This is part 3 of the series of post on llcpp, if you’ve just started here, I suggest you see the intro post for some context.

Benchmarks, what are we measuring?

As mentioned in the previous posts, the main selling point of most of the logging frameworks I’ve considered is performance. From their repositories, we can learn how they benchmark their performance and hopefully understand the consequences for using each candidate. The first step is to decide a test case, which involves the following variables:

What logging framework are we benchmarking?
Which features of the framework are we benchmarking?
What underlying abstractions are we building upon?
What exactly are we measuring?

The first point is pretty straight forward: pick a group of frameworks you wish to compare. Usually this includes the author’s own framework. Unfortunately I have not found a single (up to date) benchmark authored by anyone that is not an author of a logging framework. This creates a very competitive atmosphere and discussions; and while this is a positive thing when it leads to innovation, it often leads to biased discussion at best - and forgetting the actual customers at worst. I admit, by entering this discussion with my own framework, I’m now a part of the problem too. But I hope someone that is reading this will be encouraged to create a neutral comparison that will drive the framework authors forward.

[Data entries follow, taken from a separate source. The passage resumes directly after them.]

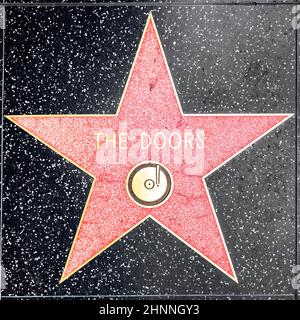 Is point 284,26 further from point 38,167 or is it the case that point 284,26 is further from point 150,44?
point 38,167

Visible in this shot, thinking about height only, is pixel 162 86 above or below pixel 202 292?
above

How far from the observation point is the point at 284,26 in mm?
1524

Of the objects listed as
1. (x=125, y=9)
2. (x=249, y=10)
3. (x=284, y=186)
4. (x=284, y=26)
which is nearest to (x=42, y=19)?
(x=125, y=9)

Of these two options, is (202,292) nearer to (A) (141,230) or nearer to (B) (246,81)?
(A) (141,230)

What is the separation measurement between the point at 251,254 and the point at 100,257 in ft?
1.67

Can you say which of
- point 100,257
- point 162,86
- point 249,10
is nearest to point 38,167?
point 100,257

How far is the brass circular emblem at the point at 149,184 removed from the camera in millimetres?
1511

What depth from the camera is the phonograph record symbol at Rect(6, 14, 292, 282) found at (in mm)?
1504

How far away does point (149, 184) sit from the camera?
1516 mm

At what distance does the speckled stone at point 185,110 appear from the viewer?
1511 millimetres

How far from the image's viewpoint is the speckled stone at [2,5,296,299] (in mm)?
1511

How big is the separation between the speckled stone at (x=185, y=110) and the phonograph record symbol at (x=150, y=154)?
0.03 m

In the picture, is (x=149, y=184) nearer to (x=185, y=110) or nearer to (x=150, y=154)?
(x=150, y=154) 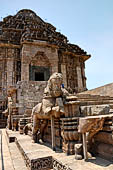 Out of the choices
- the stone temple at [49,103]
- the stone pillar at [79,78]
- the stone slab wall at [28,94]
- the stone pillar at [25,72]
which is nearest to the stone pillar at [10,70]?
the stone temple at [49,103]

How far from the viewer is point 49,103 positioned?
11.5 ft

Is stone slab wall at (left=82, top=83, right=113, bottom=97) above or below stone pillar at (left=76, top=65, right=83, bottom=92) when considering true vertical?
below

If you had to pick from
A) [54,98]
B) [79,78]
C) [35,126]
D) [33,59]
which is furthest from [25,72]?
[54,98]

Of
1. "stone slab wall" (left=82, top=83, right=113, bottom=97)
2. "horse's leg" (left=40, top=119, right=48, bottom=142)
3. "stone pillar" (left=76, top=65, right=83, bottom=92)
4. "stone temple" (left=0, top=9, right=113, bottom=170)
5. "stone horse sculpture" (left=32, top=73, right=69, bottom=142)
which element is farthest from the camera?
"stone pillar" (left=76, top=65, right=83, bottom=92)

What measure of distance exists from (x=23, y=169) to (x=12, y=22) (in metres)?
27.2

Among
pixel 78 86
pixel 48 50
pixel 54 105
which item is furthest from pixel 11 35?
pixel 54 105

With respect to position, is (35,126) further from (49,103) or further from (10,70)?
(10,70)

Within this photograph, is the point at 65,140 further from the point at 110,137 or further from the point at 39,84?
the point at 39,84

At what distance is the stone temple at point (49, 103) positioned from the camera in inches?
107

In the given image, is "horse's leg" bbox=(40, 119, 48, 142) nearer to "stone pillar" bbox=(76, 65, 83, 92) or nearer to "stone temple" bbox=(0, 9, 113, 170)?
"stone temple" bbox=(0, 9, 113, 170)

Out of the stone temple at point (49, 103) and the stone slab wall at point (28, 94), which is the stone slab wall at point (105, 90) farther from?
the stone slab wall at point (28, 94)

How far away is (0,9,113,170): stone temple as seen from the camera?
8.91 feet

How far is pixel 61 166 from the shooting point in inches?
97.4

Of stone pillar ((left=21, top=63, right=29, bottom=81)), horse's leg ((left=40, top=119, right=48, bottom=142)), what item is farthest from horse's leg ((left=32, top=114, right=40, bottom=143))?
stone pillar ((left=21, top=63, right=29, bottom=81)) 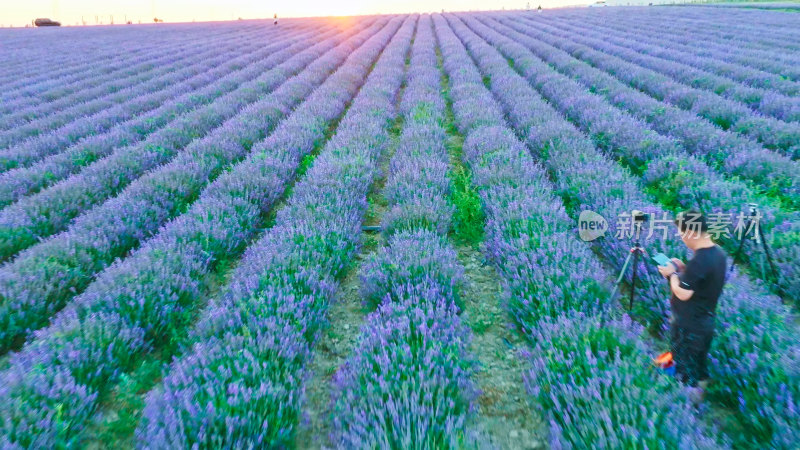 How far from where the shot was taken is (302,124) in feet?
24.9

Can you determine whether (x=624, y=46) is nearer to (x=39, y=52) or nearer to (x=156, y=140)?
(x=156, y=140)

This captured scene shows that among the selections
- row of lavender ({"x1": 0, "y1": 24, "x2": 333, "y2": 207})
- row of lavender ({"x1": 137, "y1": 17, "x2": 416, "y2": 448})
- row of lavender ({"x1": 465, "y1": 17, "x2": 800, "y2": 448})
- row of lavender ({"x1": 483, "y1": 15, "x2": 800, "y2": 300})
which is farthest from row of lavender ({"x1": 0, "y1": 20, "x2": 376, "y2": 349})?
row of lavender ({"x1": 483, "y1": 15, "x2": 800, "y2": 300})

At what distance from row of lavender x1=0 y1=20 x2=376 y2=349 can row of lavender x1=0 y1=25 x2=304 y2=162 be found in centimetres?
183

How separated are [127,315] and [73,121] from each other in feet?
28.2

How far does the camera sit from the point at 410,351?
2.39 m

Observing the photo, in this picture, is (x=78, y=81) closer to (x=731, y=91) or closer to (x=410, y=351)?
Answer: (x=410, y=351)

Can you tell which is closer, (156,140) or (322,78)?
(156,140)

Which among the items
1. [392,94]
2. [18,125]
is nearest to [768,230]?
[392,94]

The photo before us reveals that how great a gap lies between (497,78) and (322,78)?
525 cm

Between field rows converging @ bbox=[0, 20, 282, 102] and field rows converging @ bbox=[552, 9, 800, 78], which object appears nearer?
field rows converging @ bbox=[552, 9, 800, 78]

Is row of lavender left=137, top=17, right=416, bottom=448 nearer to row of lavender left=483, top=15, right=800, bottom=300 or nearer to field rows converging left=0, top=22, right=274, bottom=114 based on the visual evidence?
row of lavender left=483, top=15, right=800, bottom=300

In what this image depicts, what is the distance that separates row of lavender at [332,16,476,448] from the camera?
6.52 ft

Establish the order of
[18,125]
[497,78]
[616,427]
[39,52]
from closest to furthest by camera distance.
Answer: [616,427] < [18,125] < [497,78] < [39,52]

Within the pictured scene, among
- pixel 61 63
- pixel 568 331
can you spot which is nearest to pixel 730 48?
pixel 568 331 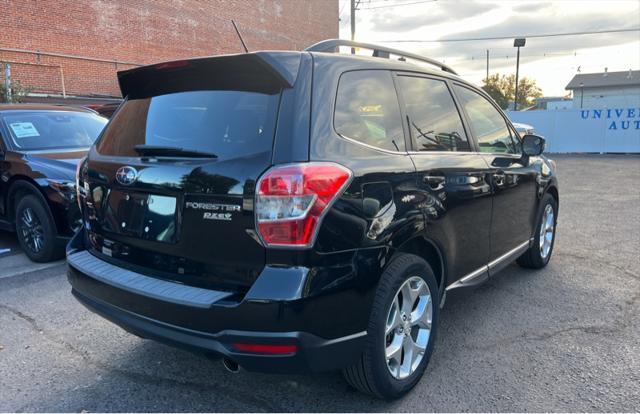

After we chose our candidates, we decide which features we are benchmarking. This step is unfortunately, often overlooked, because it is crucial to understand the difference in features between the frameworks we’re comparing. One key example is a benchmark I saw, which compares two frameworks that handle the log’s timestamp differently: one converts it to human-readable format (with localtime(3)) and the other leaves it as an integer. This difference may seem subtle, but the extra work done by localtime(3) can be the reason for not-so-subtle differences in performance. This may lead to questionable comparisons - obviously, the author of the localtime(3)-formatting-framework can remove it (or make it optional) very easily, which may invalidate the results. Another example is mixing asynchronous frameworks that allow passing of non-literal strings as arguments (which means they have to copy it) with those that don’t. Users may pick the framework that works faster but only later realize that they’re missing a feature that’s essential for them.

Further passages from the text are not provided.